Given the need to issue timely regulations pertaining to these new military
family leave provisions, the DOL is requesting comments and feedback on the
amendments as it prepares to draft the corresponding regulations. This article will address the specific
comments requested by the DOL. As with
the proposed regulations relating to FMLA leave in general, you may provide your
comments to Ice Miller by visiting the
comment page on the FMLA
area of our Web site. We will compile the feedback and
submit comments to the DOL. It is a very easy process and will ensure that your opinion is heard. Your company will not be identified unless you either
request to be identified or give us permission to do so.
The DOL is accepting comments on the proposed regulations until April 11, 2008. We strongly encourage you to provide feedback to the DOL. Please note that employers are free to comment on areas about which the DOL did not specifically request comments.
As you may already know, near the beginning of the year, the President Bush signed into law H.R. 4986, the National Defense Authorization Act for Fiscal Year 2008 (NDAA). Among other things, section 585 of the NDAA amends the FMLA to include a new qualifying reason for leave and to provide a new leave entitlement.
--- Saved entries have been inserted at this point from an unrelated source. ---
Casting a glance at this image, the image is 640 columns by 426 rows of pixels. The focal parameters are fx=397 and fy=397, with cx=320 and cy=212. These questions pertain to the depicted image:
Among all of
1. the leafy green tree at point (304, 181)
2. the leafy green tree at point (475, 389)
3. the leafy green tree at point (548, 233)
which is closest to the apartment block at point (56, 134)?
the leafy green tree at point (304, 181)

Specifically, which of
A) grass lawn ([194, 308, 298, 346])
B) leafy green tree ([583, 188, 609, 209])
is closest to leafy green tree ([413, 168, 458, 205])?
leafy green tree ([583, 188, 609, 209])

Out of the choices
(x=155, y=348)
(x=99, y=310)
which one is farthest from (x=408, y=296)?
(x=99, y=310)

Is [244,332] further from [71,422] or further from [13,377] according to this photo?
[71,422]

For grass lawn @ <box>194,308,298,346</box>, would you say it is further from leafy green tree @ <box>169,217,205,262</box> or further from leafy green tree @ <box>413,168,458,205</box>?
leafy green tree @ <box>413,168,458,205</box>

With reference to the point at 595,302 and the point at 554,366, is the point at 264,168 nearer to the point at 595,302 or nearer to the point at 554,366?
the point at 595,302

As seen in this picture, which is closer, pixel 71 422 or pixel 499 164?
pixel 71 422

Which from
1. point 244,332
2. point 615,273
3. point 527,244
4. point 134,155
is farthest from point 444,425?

Specifically, the amendment provides for the following:
1. Eligible employees are entitled to up to 12 weeks of leave because of any qualifying exigency arising out of the fact that the spouse, son, daughter, or parent of the employee is on active duty, or has been notified of an impending call to active duty status, in support of a contingency operation.
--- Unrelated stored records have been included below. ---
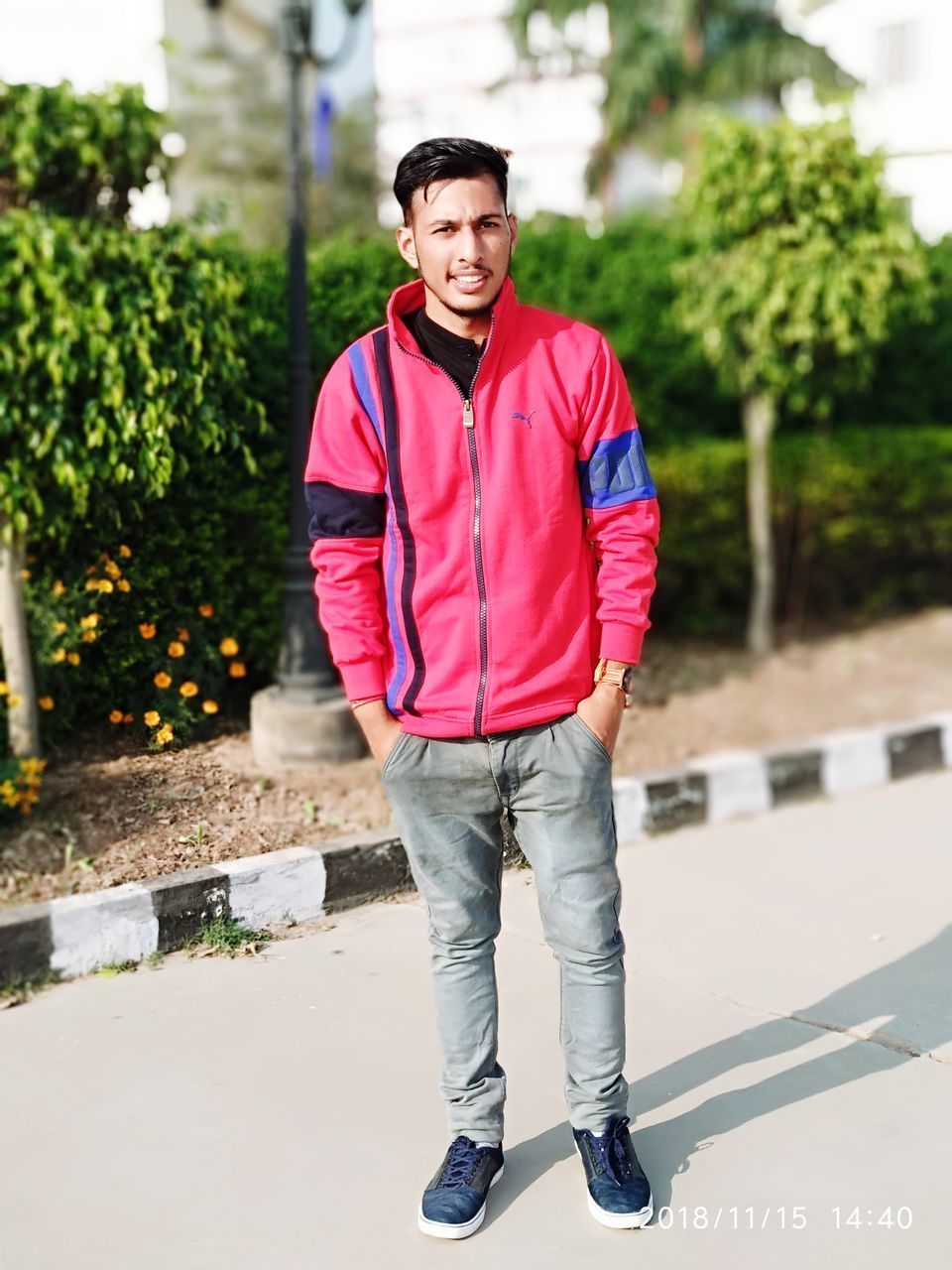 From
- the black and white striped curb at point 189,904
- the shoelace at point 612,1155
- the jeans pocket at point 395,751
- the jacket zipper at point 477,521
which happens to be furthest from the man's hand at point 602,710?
the black and white striped curb at point 189,904

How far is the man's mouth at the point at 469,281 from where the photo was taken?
8.12 ft

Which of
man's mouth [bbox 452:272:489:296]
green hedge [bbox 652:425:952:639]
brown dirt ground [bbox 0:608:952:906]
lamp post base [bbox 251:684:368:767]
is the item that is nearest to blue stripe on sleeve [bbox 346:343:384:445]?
man's mouth [bbox 452:272:489:296]

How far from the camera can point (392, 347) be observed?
2.57 metres

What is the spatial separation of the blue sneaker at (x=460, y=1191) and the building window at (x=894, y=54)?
2477 centimetres

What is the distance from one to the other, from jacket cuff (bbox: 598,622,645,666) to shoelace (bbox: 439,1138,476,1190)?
0.95 metres

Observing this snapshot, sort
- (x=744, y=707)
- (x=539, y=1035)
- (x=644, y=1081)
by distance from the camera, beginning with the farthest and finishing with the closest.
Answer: (x=744, y=707), (x=539, y=1035), (x=644, y=1081)

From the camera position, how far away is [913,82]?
23.8m

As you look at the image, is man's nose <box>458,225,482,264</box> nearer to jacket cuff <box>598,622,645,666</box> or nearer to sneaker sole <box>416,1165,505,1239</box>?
jacket cuff <box>598,622,645,666</box>

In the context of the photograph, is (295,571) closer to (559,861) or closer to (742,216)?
(559,861)

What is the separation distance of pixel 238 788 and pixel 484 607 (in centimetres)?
137

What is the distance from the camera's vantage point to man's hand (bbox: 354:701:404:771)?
8.48ft

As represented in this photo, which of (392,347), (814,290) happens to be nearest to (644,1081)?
(392,347)

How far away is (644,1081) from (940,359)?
6.70m

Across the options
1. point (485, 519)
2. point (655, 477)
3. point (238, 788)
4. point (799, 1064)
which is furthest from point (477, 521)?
point (655, 477) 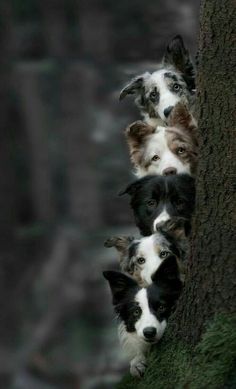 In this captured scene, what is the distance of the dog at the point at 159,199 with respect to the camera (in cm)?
618

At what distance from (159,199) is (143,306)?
A: 0.66 m

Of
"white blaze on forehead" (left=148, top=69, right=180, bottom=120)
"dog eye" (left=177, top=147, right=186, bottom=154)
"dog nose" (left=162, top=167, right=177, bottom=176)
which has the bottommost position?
"dog nose" (left=162, top=167, right=177, bottom=176)

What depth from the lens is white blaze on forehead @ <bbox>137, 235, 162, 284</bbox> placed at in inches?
242

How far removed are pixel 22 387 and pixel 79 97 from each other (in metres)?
4.05

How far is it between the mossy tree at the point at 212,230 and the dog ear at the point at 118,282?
0.38 metres

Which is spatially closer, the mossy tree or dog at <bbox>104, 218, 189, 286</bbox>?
the mossy tree

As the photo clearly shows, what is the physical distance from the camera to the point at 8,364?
1447 cm

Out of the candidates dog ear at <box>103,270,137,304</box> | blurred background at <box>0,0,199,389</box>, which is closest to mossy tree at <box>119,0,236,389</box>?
dog ear at <box>103,270,137,304</box>

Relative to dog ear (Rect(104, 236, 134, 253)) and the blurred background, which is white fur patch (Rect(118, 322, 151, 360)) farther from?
the blurred background

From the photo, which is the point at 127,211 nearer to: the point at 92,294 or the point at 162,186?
the point at 92,294

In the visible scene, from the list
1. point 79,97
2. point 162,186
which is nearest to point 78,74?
point 79,97

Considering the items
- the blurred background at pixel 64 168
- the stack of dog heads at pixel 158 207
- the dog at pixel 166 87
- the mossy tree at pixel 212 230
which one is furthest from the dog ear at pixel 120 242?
the blurred background at pixel 64 168

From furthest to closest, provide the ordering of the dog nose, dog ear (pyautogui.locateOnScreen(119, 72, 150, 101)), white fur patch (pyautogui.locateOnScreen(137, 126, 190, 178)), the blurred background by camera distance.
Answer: the blurred background
dog ear (pyautogui.locateOnScreen(119, 72, 150, 101))
white fur patch (pyautogui.locateOnScreen(137, 126, 190, 178))
the dog nose

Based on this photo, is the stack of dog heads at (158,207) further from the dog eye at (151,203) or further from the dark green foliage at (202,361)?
the dark green foliage at (202,361) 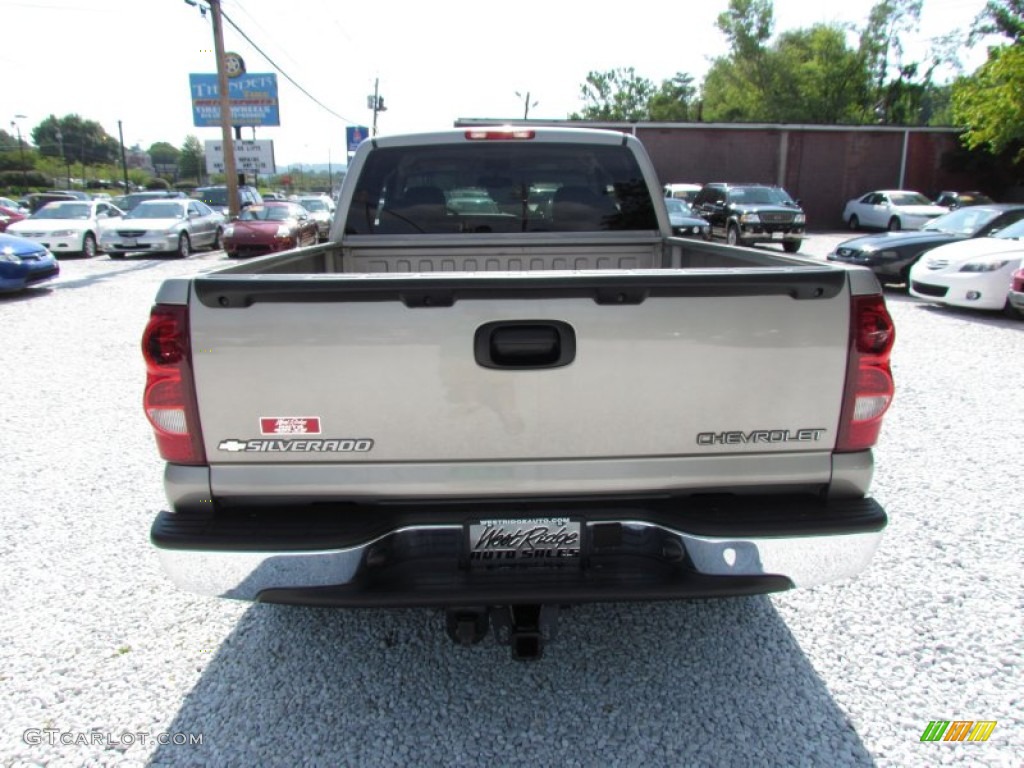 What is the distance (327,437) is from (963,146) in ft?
125

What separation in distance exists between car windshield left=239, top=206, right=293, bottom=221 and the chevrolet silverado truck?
61.8 ft

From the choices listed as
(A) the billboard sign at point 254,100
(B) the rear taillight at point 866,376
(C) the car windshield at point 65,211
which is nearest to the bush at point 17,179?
(A) the billboard sign at point 254,100

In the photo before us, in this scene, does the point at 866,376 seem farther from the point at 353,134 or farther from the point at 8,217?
the point at 353,134

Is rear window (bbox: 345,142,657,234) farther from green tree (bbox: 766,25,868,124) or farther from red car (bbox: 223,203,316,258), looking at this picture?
green tree (bbox: 766,25,868,124)

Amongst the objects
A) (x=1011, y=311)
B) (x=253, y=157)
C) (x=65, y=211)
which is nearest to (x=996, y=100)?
(x=1011, y=311)

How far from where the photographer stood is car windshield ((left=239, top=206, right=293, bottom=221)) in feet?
64.5

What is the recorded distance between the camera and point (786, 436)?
7.24 ft

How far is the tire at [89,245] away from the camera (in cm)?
1895

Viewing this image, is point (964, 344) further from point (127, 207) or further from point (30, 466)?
point (127, 207)

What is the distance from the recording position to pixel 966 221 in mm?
12234

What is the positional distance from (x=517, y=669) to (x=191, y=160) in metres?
129

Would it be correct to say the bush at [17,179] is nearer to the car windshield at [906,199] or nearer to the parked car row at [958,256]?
the car windshield at [906,199]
2. An eligible employee who is the spouse, son, daughter, parent, or next of kin of a covered servicemember who is recovering from a serious illness or injury sustained in the line of duty on active duty is entitled to up to 26 weeks of leave in a single 12-month period to care for the servicemember.
The first provision above provides a new qualifying reason for leave and will not go into effect until the secretary of labor issues regulations further defining "qualifying exigency" and explaining the terms of the amendment. The second military caregiver provision provides a new leave entitlement, which became effective on January 28, 2008. Unfortunately, even the military caregiver provisions are far from clear. Some of the questions and issues raised by the DOL for comment are discussed below.
Notice
The
DOL is requesting comments regarding employee-provided notice of the need for
FMLA leave. The proposed regulations concerning
FMLA leave in general require an employee to supply the employer with at least
30 days of advance notice. If this
30-day notice requirement cannot be met, notice must be given as soon as
practicable under the particular facts.
The DOL would like feedback as to whether this proposed regulation
regarding employee notice could apply to the new military family leave provisions
or if the new provisions necessitate a different notice requirement.
"Qualifying exigency"
Family members will be eligible for FMLA
leave because of any qualifying exigency arising out of the fact that the
spouse, son, daughter, or parent of the employee is on active duty or has been
notified of an impending call or order to active duty. By its terms, this provision will not go into
effect until the secretary of labor defines "qualifying
exigency." Thus, the DOL is seeking
commentary to assist in developing an effective interpretation. Congressional representatives have stated
that this amendment could be used for families needing to take time off to
manage issues concerning childcare or financial planning, to attend
predeployment meetings and support sessions, to see a family member off to
service or welcome the family member back home, or for any other issues that
may arise as a result of immediate deployment.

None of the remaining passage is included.